WHAT THE EXERCISE ASKS:
Without pictures, return the lines from the one containing "Copper Floor Lamp 158cm Glossy Round Shade" through the last line of the data below, exactly.
▼
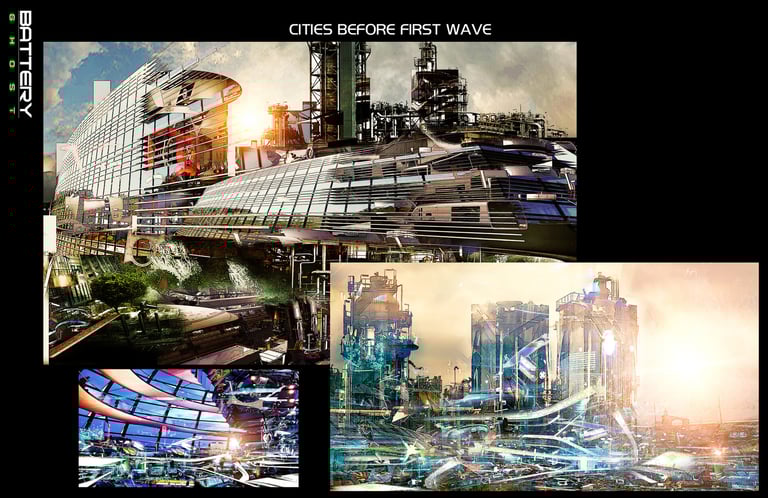 Futuristic concept art of a high-tech cyberpunk city landscape with glass skyscrapers and industrial machinery.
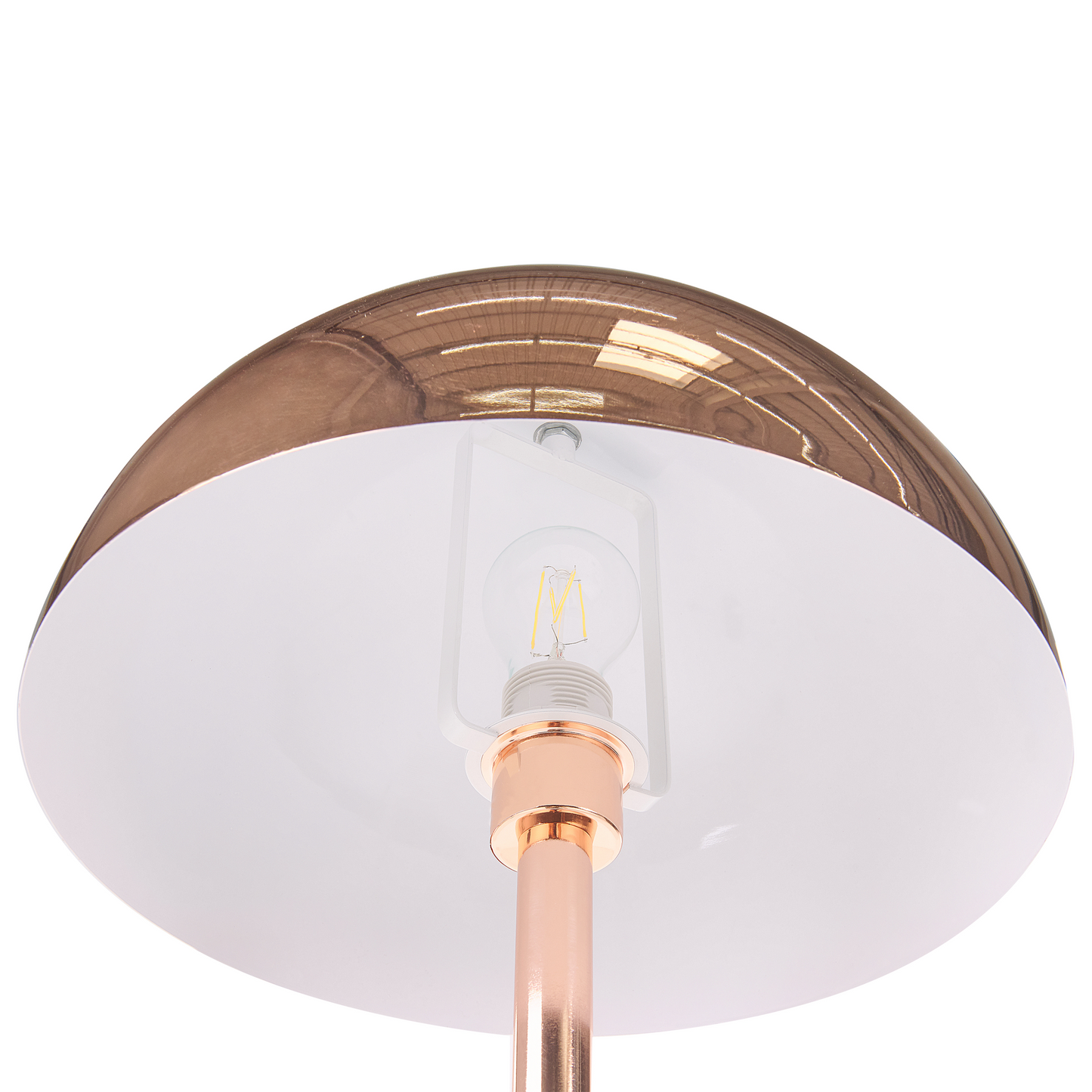 Copper Floor Lamp 158cm Glossy Round Shade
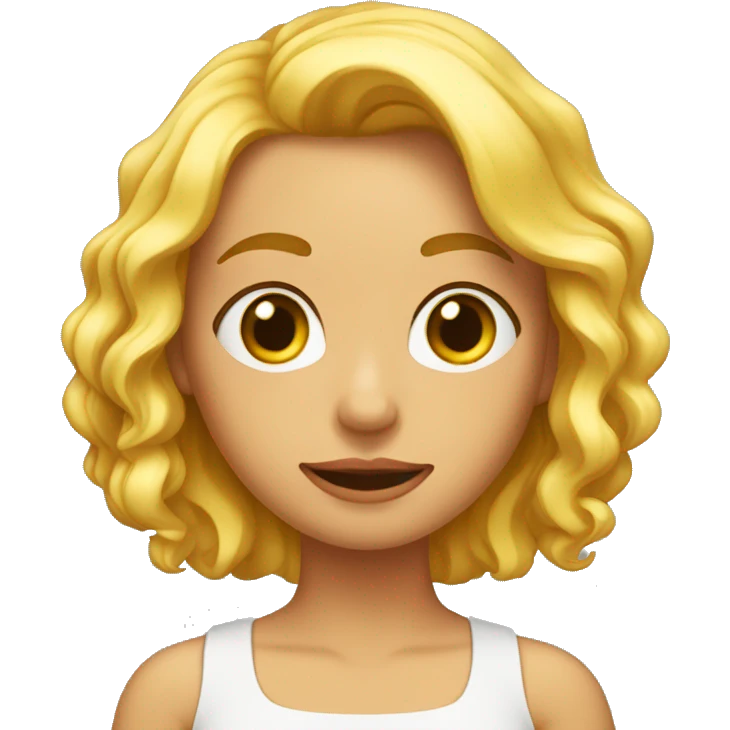 Chica rubia recogido rizado emoji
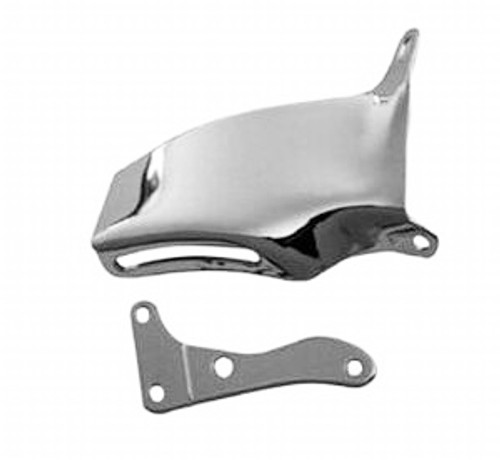Alternator Bracket - OEM Style - Passenger Side - Mid Mount - Intake / Water Pump Mount - Steel - Chrome - Long Water Pump - Small Block Chevy - Each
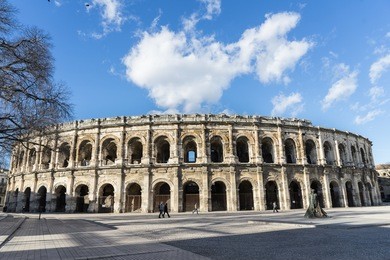 ancient roman amphitheater in nimes, france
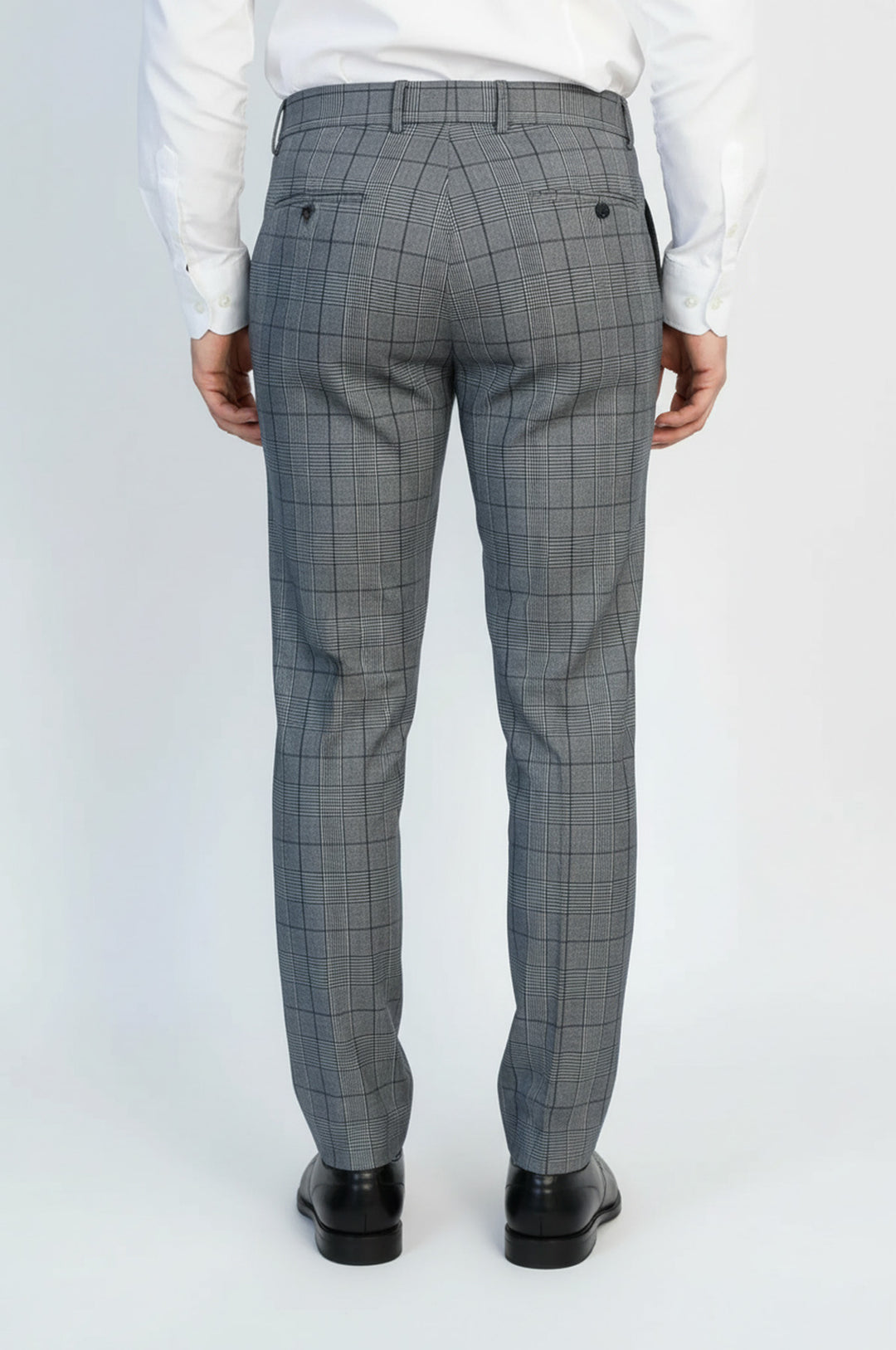 Açık Mavi Kareli Kumaş Pantolon - Wessi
▲
RESPONSE AREA:
 Copper Floor Lamp 158cm Glossy Round Shade
 Chica rubia recogido rizado emoji
Alternator Bracket - OEM Style - Passenger Side - Mid Mount - Intake / Water Pump Mount - Steel - Chrome - Long Water Pump - Small Block Chevy - Each
 ancient roman amphitheater in nimes, france
 Açık Mavi Kareli Kumaş Pantolon - Wessi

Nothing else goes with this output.